La evolución humana explicada en el “Origen de las Especies” de Charles Darwin y los recientes estudios sobre nuestras raíces primates que alcanzan cinco mil millones de años, no nos ha ayudado mucho. Mejor decir nada.  El hombre es un cernícalo sanguinario que se recrea en los sufrimientos de sus semejantes.  

 Los procedimientos de hacer daño a nuestro primogénitos  han llegado a un refinamiento inimaginable. Asesinar a seres inocentes se ha convertido una  labor bien sufragada en las nirvanas de esos férvidos asesinos, habiendo abundantes expertos en las degradantes tareas de muerte trasformando  la bioquímica y hasta  la fusión nuclear, en ramalazos  de leyes insanas y malévolas    o en variadas  tareas del cruento lavado del cerebro.  

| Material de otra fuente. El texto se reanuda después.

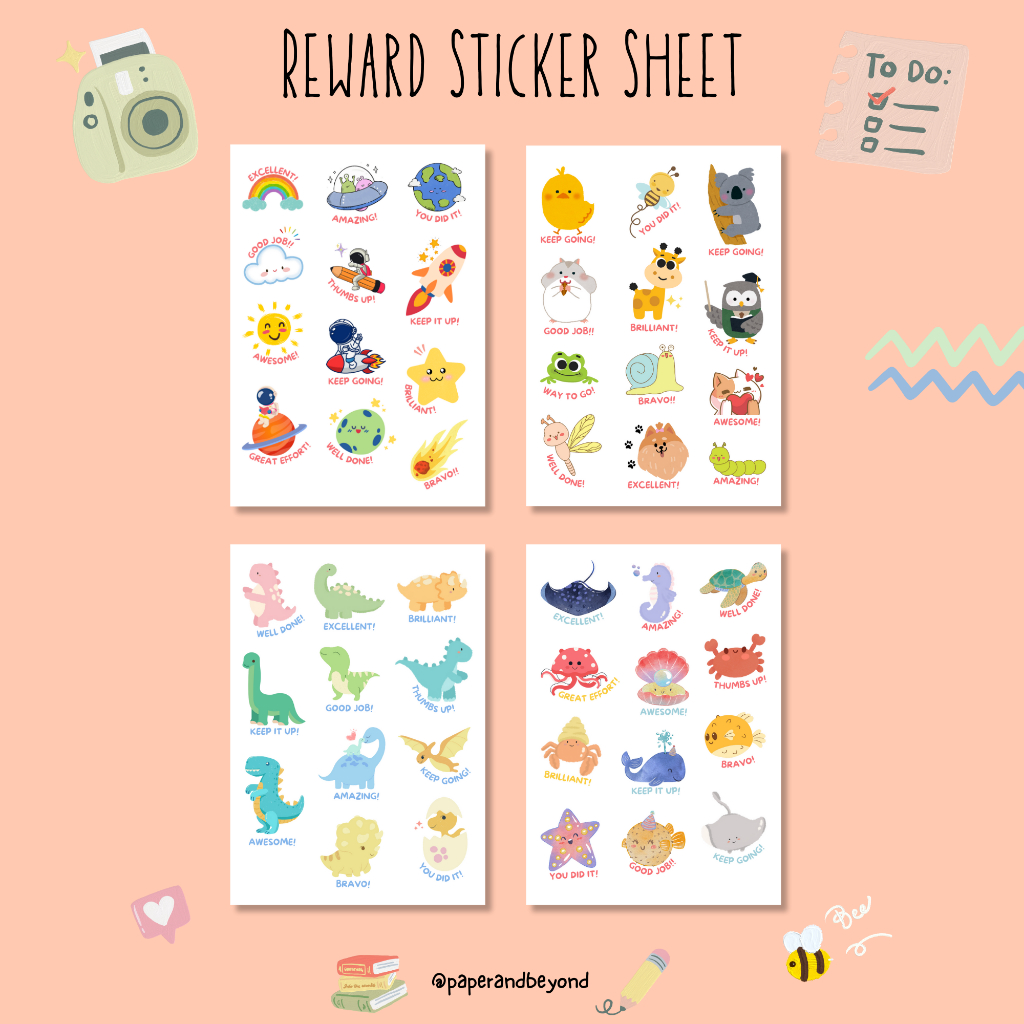 

Premium Reward Sticker Sheet | Set Sticker Reward Anak | Reward Sticker Pack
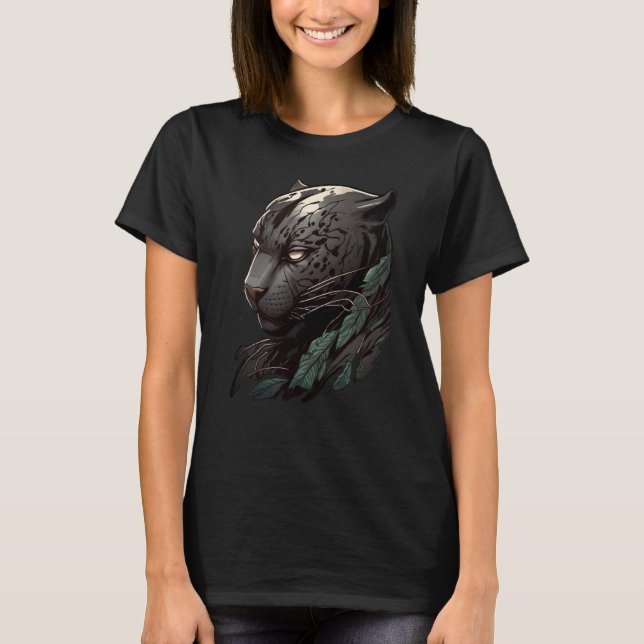 Camiseta Cabeza de una gran pantera oscura (Anverso)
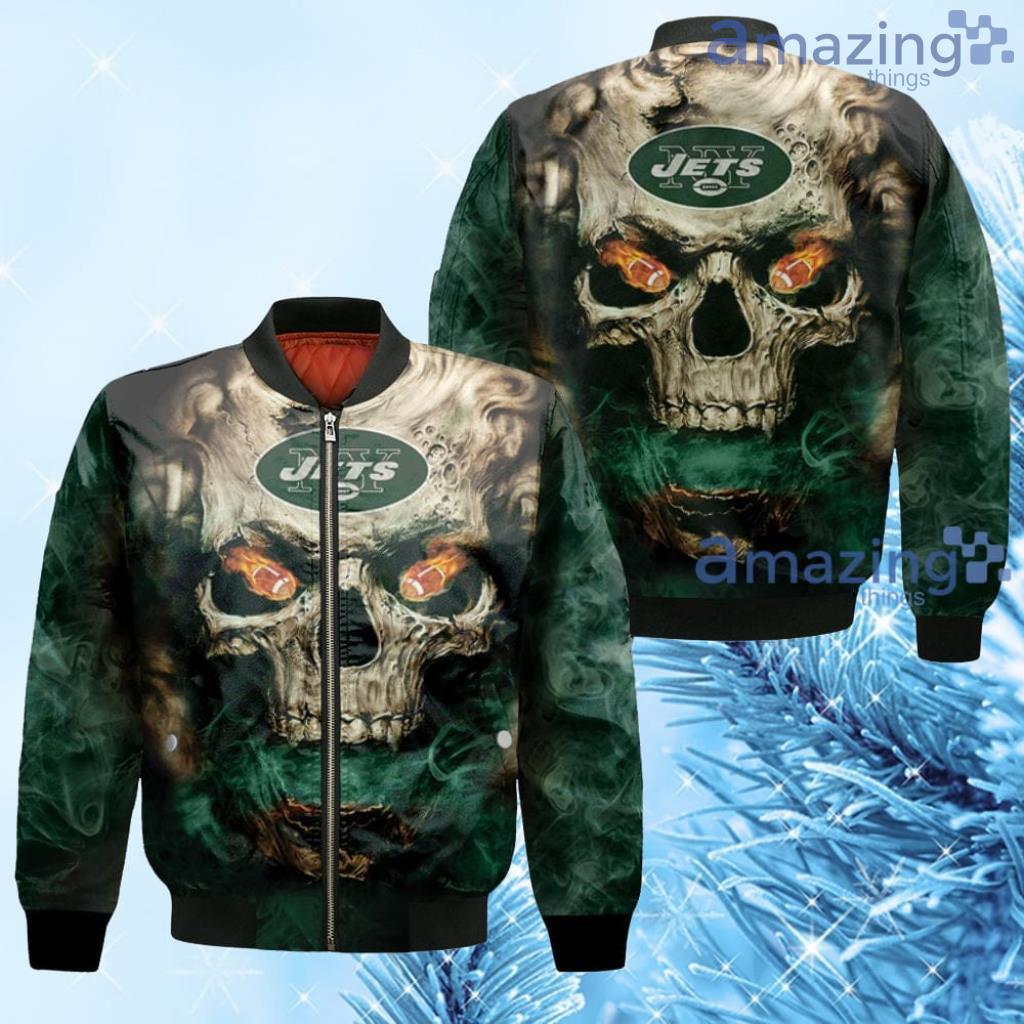 New York Jets 3D Skull Fire Bomber - New York Jets 3D Skull Fire Bomber New York Jets 3D Skull Fire Bomber - New York Jets 3D Skull Fire Bomber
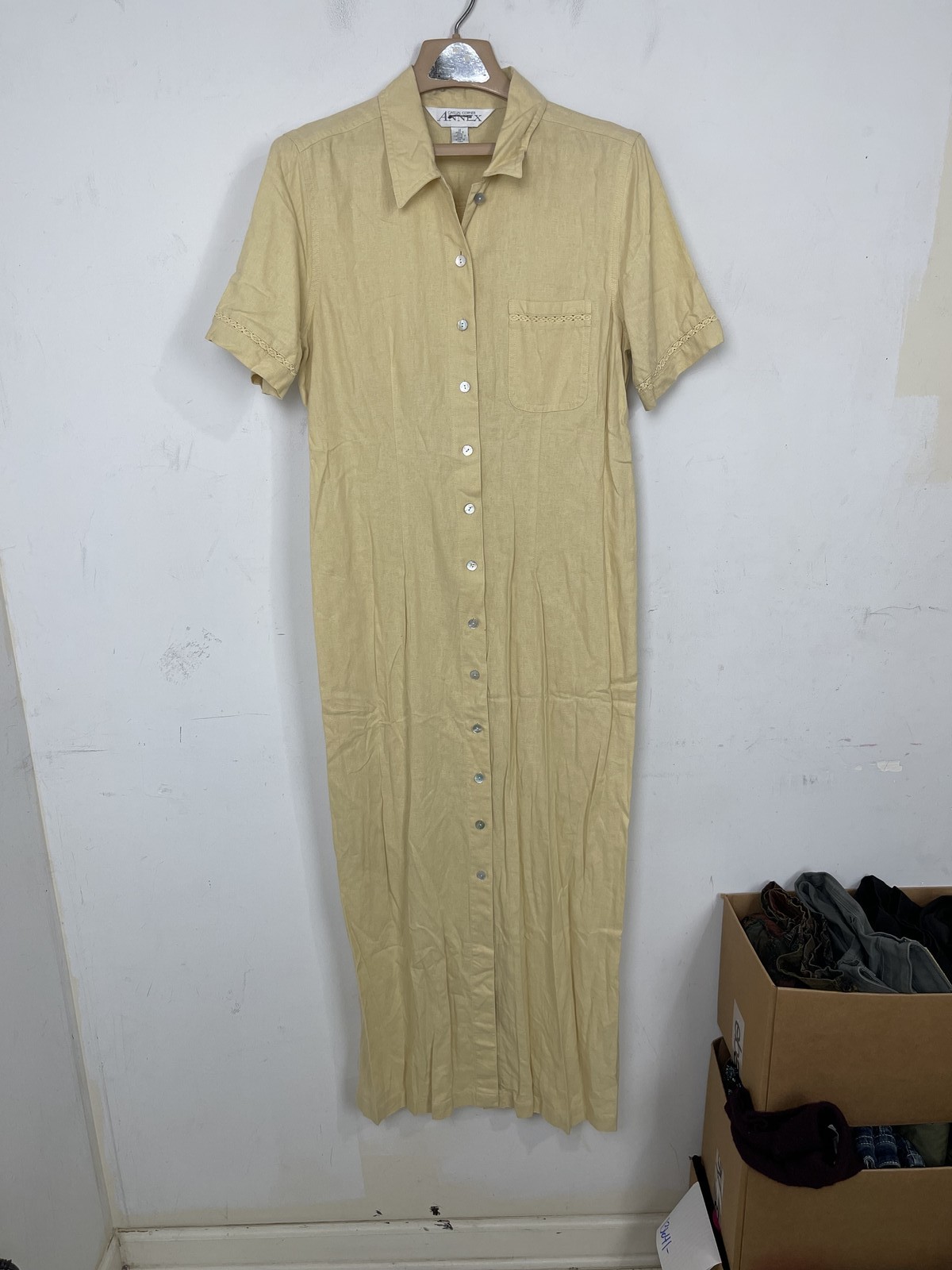 Casual Corner Annex Womens 14 Tan Linen Rayon Blend Short Sleeve Maxi Dress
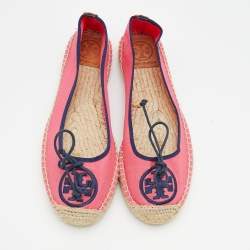 Pre Owned Tory Burch Pink Canvas Espadrille Ballet Flats Size 38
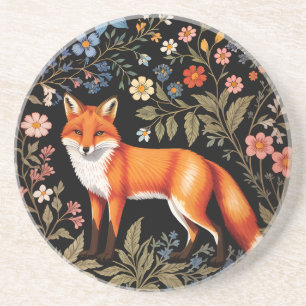 Dessous De Verre En Grès Renard Élégant Fleur Florale Noir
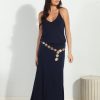 Clothing Veronica M Maxi Dresses | Navy Stretch Drop Waist Maxi Dress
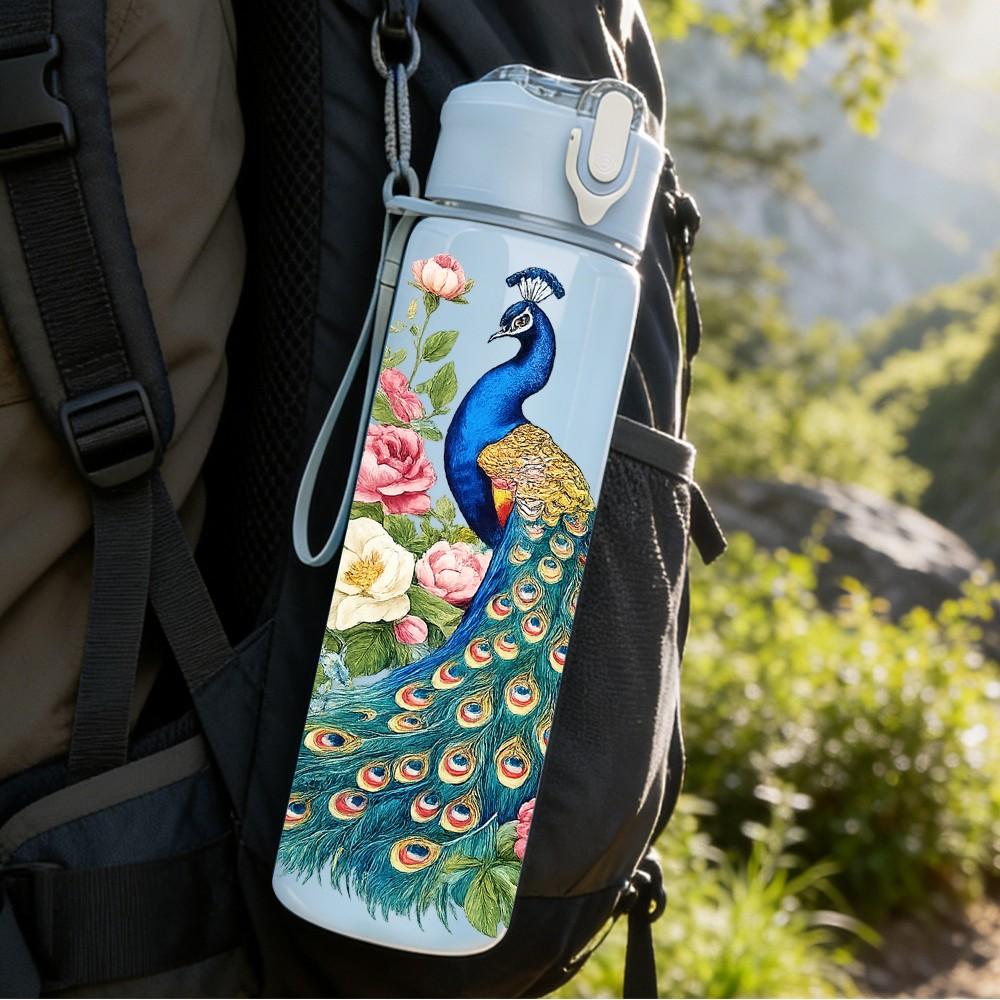 1PC Peacock Flower Botanical Art Print 750ml Color Plastic Sports Water Bottle Leakproof Flip Straw Lid Suitable for Sports Office Home Use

El continente europeo en primer lugar,  ha venido sufriendo  en los últimos cuatro años una docena  de salvajes acto  terroristas y eso ha ido aumentado desde hace dieciséis meses, lo que significa que el  atentado yihadista acaecido en Manchester era altamente probable,  al saberse que  cada célula cree estar en posesión  de la verdad basada en  la fe fogosa que promete nirvanas colmadas de huríes resplandecientes mientras ofrecen sus cuerpos cimbreantes con sabor a miel a los que llegan a sus brazos.

Mahoma poseía un conocimiento portentoso sobre los deseos carnales  que atiborran de delicias   al ser humano.   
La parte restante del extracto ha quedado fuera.